Andrey Felipe Sgorla, Italian-Brazilian, is an Assistant Professor of Didactics and Methodologies for Intercultural Education in the Department of Social, Political, and Cognitive Sciences at the University of Siena. He holds a PhD in Social Sciences (Brazil) and a PhD in Learning and Innovation in Social and Work Contexts (Italy). His doctoral theses, situated within the debate on neo-artisanal economies, examined the transformations of work and artisanal entrepreneurship in the craft beer market through ethnographic studies in Brazil, Italy, Spain, and Portugal. His research offers a broader reflection on emerging forms of work and contemporary careers that develop beyond traditional models, highlighting the search for meaningful trajectories and innovative ways of experiencing work in post-industrial societies.
Currently, their research interests, with particular attention to contexts of craft and creative work, are articulated around three main areas, framed by a critical analysis of sociotechnical mediations, including digitalisation and artificial intelligence, understood as epistemic affordances that reconfigure learning, work, and knowledge production:
- Hybrid learning ecologies, work, professional education, and entrepreneurship, conceptualising learning as a situated, relational, and distributed process shaped by life-course transitions, work practices, and professional and entrepreneurial decision-making processes.

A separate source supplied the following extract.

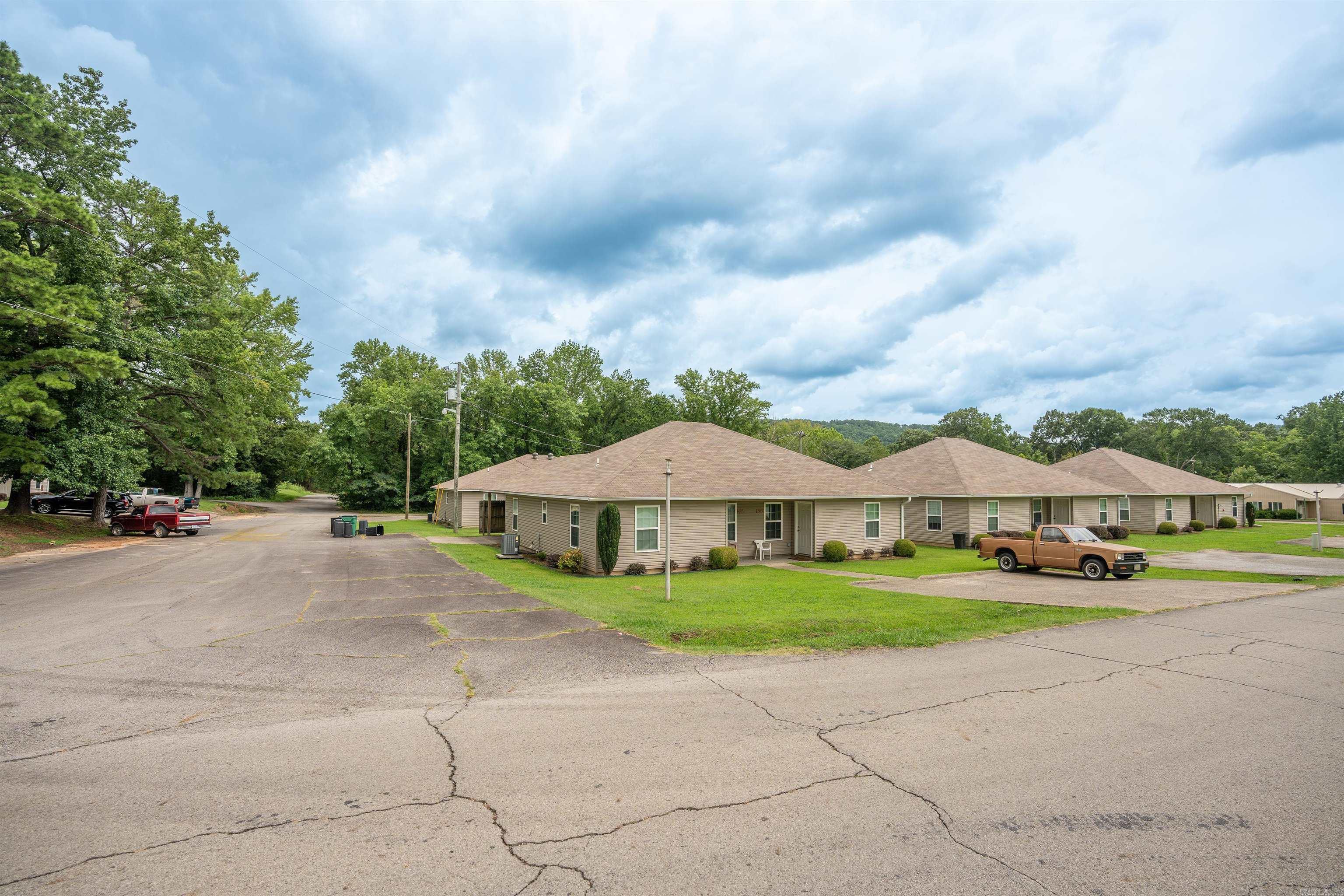 1008 W Wilson  Heber Springs, AR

- Generative guidance, professional development, and decision-making, focusing on meaning-making, professional identities, agency, and resilience in non-linear trajectories.
- Intercultural learning and epistemic justice, analysing the recognition and legitimation of biographical, narrative and situated forms of knowledge, epistemic agency, and institutional responsibility for promoting participation and equity in plural educational and professional contexts.
His experience includes postdoctoral fellowships at the Scuola Superiore Sant'Anna, in collaboration with the National Center for Future Biodiversity (NBFC), and at the University of Gastronomic Sciences. He has been a visiting researcher at the Institute of Social Sciences, University of Lisbon (Portugal), and at Sheffield Hallam University (UK), as well as a visiting professor in the doctoral programs in Sociology at the Federal University of Pelotas (Brazil) and in Law, Economics, and Commerce at the University of Vic (Spain).
His research has resulted in two doctoral theses, books, book chapters, and articles published in leading journals of pedagogy, anthropology, and sociology. He has also presented at international conferences in 15 countries and collaborated with research groups worldwide.